Скорее всего, это мелочные и несправедливые придирки, просто мне хотелось, чтобы всё в этом фильме было совершенно. Уж больно затея правильная. В наше мутное время снять «Остров» — подвиг. Казалось, что в киноискусстве бесповоротно победило бабло — чудище обло, озорно и стозевно… Ан нет.

«Остров» сравнивали с «Холодным летом 53-го», с фильмами Алексея Германа, в которых тоже есть суровая правда характеров и дотошность в деталях времени, но в «Острове» Лунгина есть ещё и то, чего нет или не хватает многим другим талантливым фильмам, — вера.
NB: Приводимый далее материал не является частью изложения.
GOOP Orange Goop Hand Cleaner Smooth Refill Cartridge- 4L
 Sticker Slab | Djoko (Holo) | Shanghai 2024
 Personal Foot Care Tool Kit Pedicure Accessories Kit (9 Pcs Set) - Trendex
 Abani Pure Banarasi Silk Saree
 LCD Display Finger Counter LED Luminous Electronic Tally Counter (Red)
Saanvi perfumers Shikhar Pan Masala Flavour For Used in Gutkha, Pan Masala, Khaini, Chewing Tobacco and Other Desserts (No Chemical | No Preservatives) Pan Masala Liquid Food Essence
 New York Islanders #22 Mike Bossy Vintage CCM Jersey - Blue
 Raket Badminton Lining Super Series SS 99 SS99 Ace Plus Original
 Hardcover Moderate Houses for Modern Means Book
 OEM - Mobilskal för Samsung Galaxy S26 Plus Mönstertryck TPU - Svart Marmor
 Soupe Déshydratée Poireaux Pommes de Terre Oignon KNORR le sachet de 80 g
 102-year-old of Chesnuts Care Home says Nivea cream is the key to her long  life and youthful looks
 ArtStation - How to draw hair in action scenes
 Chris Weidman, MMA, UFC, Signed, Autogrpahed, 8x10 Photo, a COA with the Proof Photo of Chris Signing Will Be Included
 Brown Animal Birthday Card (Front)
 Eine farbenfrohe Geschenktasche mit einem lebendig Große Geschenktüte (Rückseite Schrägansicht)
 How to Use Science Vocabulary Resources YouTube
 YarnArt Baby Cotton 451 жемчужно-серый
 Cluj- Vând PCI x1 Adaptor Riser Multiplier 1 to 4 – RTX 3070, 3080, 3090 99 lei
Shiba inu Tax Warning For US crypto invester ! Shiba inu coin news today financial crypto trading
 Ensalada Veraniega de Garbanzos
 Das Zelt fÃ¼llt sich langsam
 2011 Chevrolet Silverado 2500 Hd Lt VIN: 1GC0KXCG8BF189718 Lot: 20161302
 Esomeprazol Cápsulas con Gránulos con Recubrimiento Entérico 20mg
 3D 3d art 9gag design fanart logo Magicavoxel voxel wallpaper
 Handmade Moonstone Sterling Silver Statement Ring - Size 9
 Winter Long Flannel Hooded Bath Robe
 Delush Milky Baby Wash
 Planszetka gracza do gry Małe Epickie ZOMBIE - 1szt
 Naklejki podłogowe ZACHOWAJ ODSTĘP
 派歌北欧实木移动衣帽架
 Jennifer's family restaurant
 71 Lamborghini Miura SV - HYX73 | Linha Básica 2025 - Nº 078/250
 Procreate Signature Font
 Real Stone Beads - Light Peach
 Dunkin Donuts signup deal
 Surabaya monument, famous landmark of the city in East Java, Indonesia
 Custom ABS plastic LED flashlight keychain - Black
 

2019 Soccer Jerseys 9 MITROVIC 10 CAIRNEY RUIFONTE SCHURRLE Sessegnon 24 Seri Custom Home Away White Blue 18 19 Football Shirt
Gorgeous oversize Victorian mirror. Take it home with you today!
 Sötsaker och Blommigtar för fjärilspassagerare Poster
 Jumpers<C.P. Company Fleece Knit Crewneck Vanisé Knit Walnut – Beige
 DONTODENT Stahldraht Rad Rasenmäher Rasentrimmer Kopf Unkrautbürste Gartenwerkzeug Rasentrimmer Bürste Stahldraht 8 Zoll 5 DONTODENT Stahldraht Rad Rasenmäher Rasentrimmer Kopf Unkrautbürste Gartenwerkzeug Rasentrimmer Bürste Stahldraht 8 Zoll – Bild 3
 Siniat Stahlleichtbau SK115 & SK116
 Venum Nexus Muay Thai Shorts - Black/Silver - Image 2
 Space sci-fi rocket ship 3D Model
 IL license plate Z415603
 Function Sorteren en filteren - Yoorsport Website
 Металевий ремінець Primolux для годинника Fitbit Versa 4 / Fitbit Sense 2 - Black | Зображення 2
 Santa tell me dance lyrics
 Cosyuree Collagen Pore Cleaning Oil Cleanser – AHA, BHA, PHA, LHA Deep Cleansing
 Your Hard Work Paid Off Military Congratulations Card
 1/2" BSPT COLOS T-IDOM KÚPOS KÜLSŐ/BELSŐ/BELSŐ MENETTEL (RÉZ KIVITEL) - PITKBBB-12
И вера не в собственную гениальность или правоту… На острове не учат жить, не обвиняют, не кричат: «Покайтесь!» Здесь сами каются, и, может быть, поэтому нет безысходности. Здесь свет есть.

Александр КОНДРАШОВ

P. S. Уже после написания статьи наткнулся в Интернете на отзыв об «Острове» Михаила Швыдкого, который меня изумил. Привожу его дословно со своими комментариями.

«У меня достаточно сложное отношение к этой картине. (Учтите, это говорит руководитель ФАККа, который даёт или не даёт денег на отечественные кинопроекты. — Здесь и далее курсив мой. — А.К.) Её делал безусловный мастер, и проблема, поставленная в «Острове», в высшей степени существенна для человеческого бытия. Кроме того, в фильме прекрасные актёрские работы, и всё же у меня есть некоторые вопросы (звучит угрожающе, но посмотрим, какие?) как к сценарию, так и к картине в целом.

Мне кажется, что сама история сочинена, скорее, для нравоучения. (А что уж такого плохого в нравоучении?) А когда так происходит, когда сюжет подгоняется под заранее сформулированную мораль (неправда! Никакая мораль в фильме не сформулирована. Тем более заранее), то актёр вынужден спасать некоторую искусственность конструкции. Конечно, Мамонов спасает почти всё. (А что не спасает?) И тем не менее мне кажется, что картина более мастерская, нежели искренняя: в ней больше умствования, чем любви и простоты. (Меня-то как раз поразила простота.) Такие фильмы наивные люди снимать не могут. (Никакие фильмы не смогут снимать наивные люди — слишком сложный процесс. Но тут нам, кажется, намекают на некий злой умысел.)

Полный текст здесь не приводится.